▶ PROBLEM
Pictures must be dropped from the copy of the entries below; all else is returned exactly.

(Stored data entries)
-- -- --

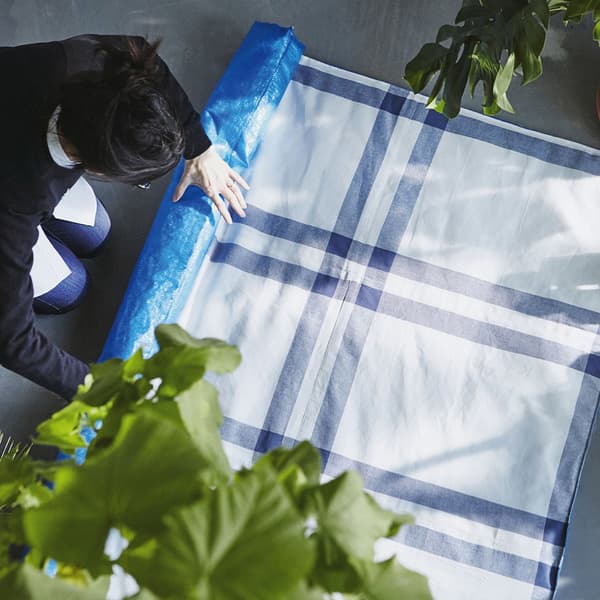 Man rolling up a picnic blanket made from IKEA blue bags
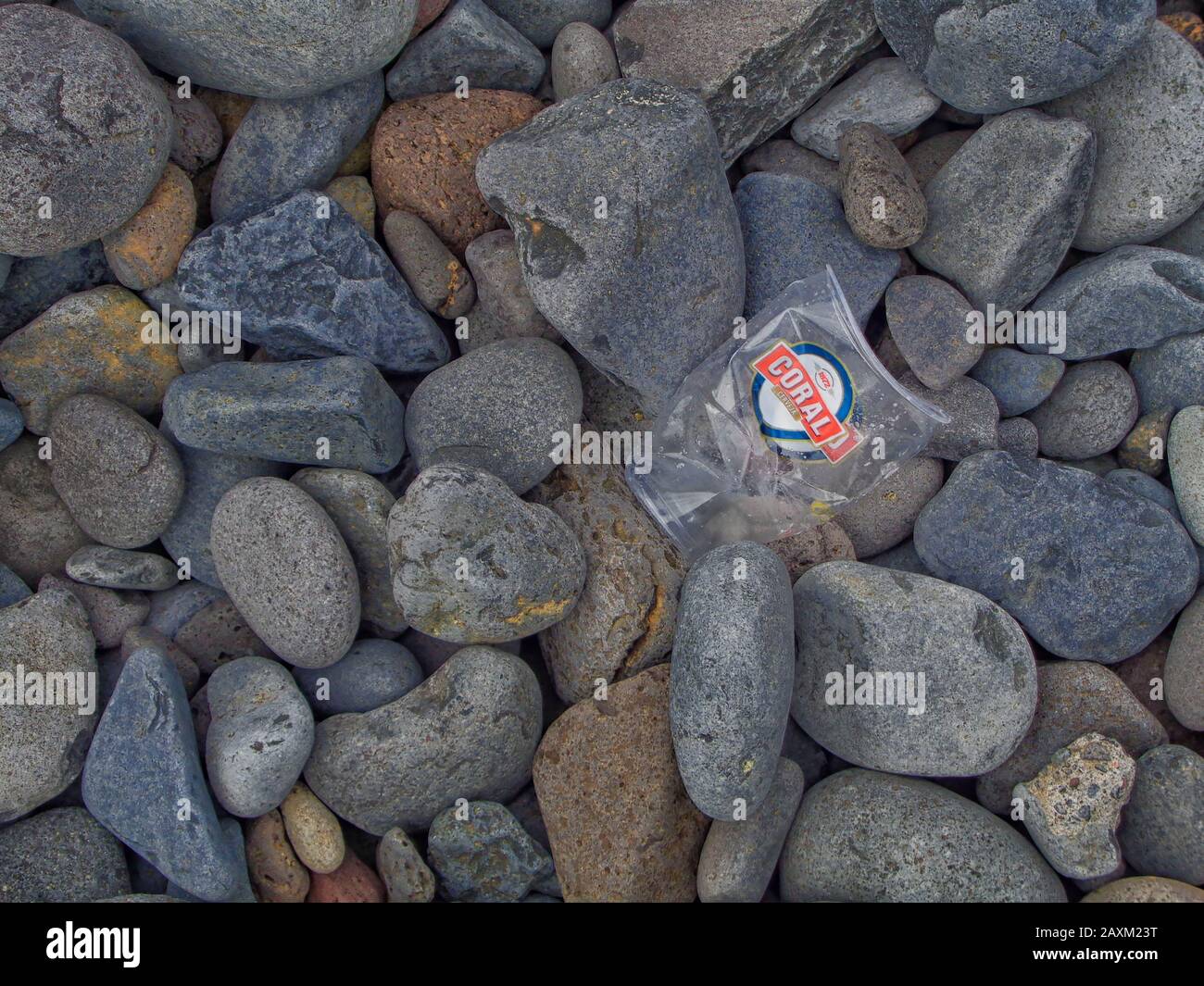 Discarded flotsam on a pebble beach example of environmental pollution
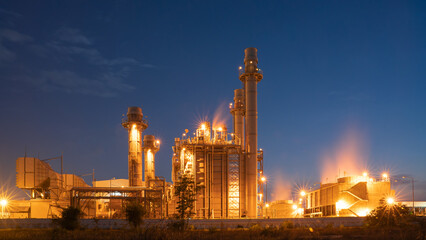 Industrial Powerhouse at Dusk: A massive power generation facility, illuminated by artificial lights against the twilight sky, stands as a symbol of industrial might and energy production. © Rassarin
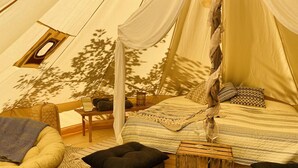 A cozy tent with a bed, a chair, a small table, and a window.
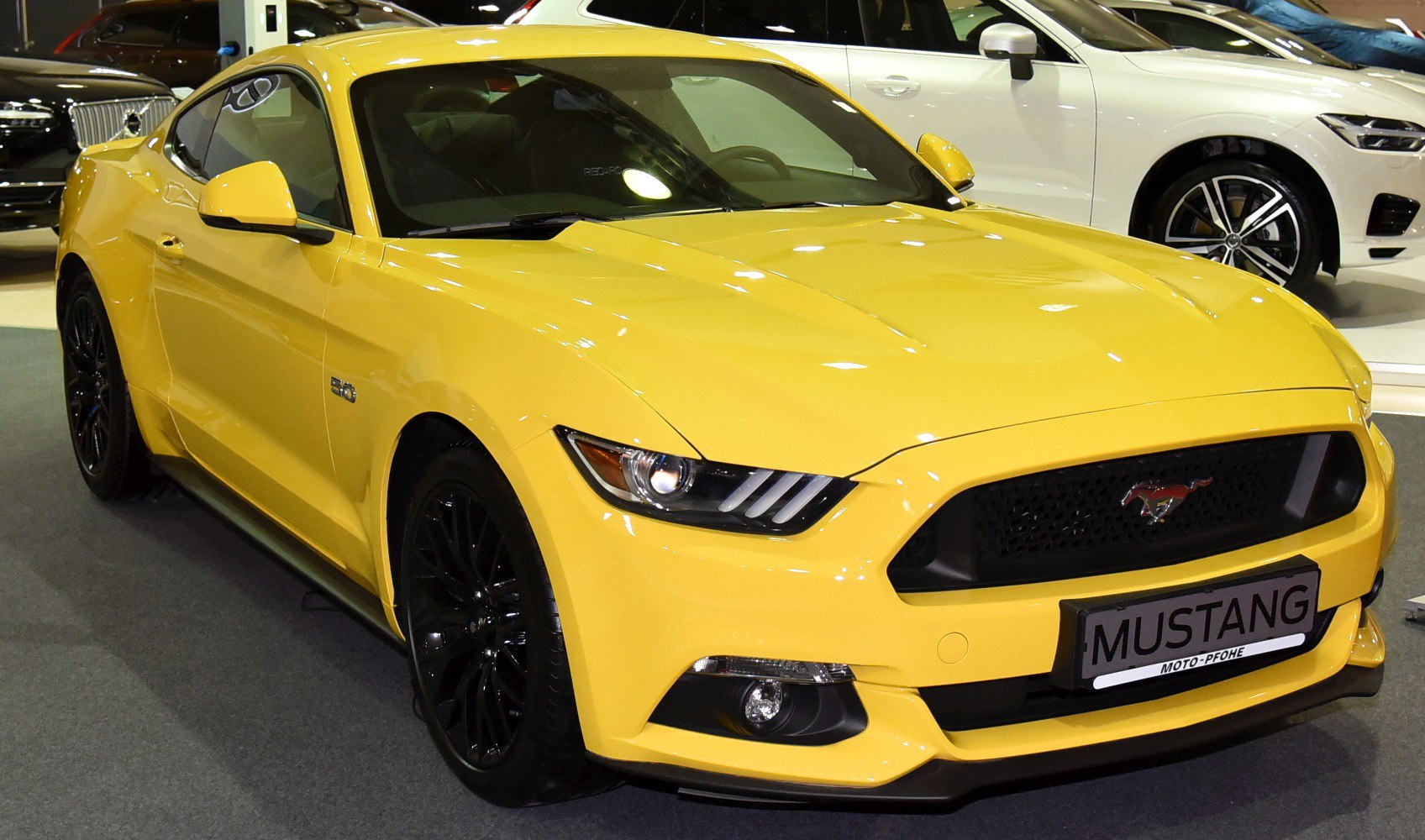 Yellow coupe with black wheels and aggressive front fascia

-- -- --

▶ EXERCISE OUTPUT
 Man rolling up a picnic blanket made from IKEA blue bags
 Discarded flotsam on a pebble beach example of environmental pollution
 Industrial Powerhouse at Dusk: A massive power generation facility, illuminated by artificial lights against the twilight sky, stands as a symbol of industrial might and energy production. © Rassarin
 A cozy tent with a bed, a chair, a small table, and a window.
 Yellow coupe with black wheels and aggressive front fascia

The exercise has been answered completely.